Lewis v. City of Chicago, 560 U.S. ___, 130 S. Ct. 2191 (2010)
Plaintiffs in this case (more than 6,000 African-Americans) had applied to serve in the Chicago Fire Department. They challenged as discriminatory the city’s decision to hire only applicants who had scored 89 or above on a written examination. The city stipulated that the 89-point cutoff had a “severe disparate impact against African Americans,” but argued that the cutoff score was justified by business necessity. Although plaintiffs won at the district court level, the Seventh Circuit Court of Appeals reversed the judgment on the ground that plaintiffs’ suit was untimely because the earliest EEOC charge was filed more than 300 days after the only discriminatory act – sorting the scores into the “well-qualified,” “qualified” and “not-qualified” categories.

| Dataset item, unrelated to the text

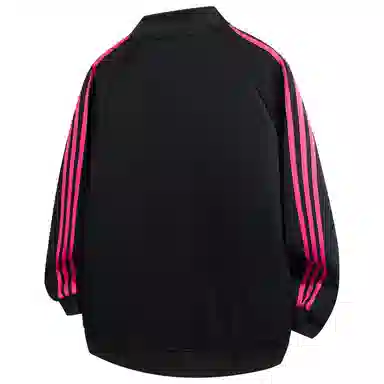 NINETEEN AUTUMN logo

The Supreme Court reversed the Seventh Circuit and held that it was sufficient that the City’s selection of firefighters occurred within the charging period – even though its adoption of the challenged practice may have occurred at an earlier time. The Court distinguished between disparate treatment claims, which require discriminatory intent, and disparate impact claims such as those present in this case. See also EEOC v. Peabody W. Coal, 2010 WL 2572001 (9th Cir. 2010) (EEOC’s claim for injunctive relief could proceed against coal company that favored Navajo workers over non-Navajo Indians); Carver v. Holder, 606 F.3d 690 (9th Cir. 2010) (employee who alleged age discrimination could not sue to increase the amount of damages obtained by the EEOC without relitigating the issue of liability).